[Brief descriptive captions]
<<<<

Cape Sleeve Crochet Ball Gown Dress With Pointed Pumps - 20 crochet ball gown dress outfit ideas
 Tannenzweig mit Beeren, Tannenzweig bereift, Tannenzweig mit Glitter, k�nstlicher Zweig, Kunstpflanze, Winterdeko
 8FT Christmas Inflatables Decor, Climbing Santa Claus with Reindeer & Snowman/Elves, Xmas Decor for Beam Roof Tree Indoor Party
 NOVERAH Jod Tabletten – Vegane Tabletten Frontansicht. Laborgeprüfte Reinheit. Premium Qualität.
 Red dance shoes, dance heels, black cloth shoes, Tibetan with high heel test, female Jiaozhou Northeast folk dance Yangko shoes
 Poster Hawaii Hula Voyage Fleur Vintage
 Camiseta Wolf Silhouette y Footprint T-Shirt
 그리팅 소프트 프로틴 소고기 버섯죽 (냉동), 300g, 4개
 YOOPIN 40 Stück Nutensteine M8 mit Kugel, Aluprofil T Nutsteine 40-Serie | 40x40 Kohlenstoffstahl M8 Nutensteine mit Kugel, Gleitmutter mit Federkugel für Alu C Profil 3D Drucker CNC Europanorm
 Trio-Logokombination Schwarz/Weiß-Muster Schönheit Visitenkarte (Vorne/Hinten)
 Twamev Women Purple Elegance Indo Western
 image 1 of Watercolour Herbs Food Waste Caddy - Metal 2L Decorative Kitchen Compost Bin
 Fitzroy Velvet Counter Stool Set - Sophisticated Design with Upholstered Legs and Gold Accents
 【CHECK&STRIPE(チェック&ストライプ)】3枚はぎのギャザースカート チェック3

>>>>

* TASK STATEMENT: Only the lines from the beginning of the entries through the line bearing "Poster Hawaii Hula Voyage Fleur Vintage" should be returned, each exactly as written.

* RESPONSE BOX:
Cape Sleeve Crochet Ball Gown Dress With Pointed Pumps - 20 crochet ball gown dress outfit ideas
 Tannenzweig mit Beeren, Tannenzweig bereift, Tannenzweig mit Glitter, k�nstlicher Zweig, Kunstpflanze, Winterdeko
 8FT Christmas Inflatables Decor, Climbing Santa Claus with Reindeer & Snowman/Elves, Xmas Decor for Beam Roof Tree Indoor Party
 NOVERAH Jod Tabletten – Vegane Tabletten Frontansicht. Laborgeprüfte Reinheit. Premium Qualität.
 Red dance shoes, dance heels, black cloth shoes, Tibetan with high heel test, female Jiaozhou Northeast folk dance Yangko shoes
 Poster Hawaii Hula Voyage Fleur Vintage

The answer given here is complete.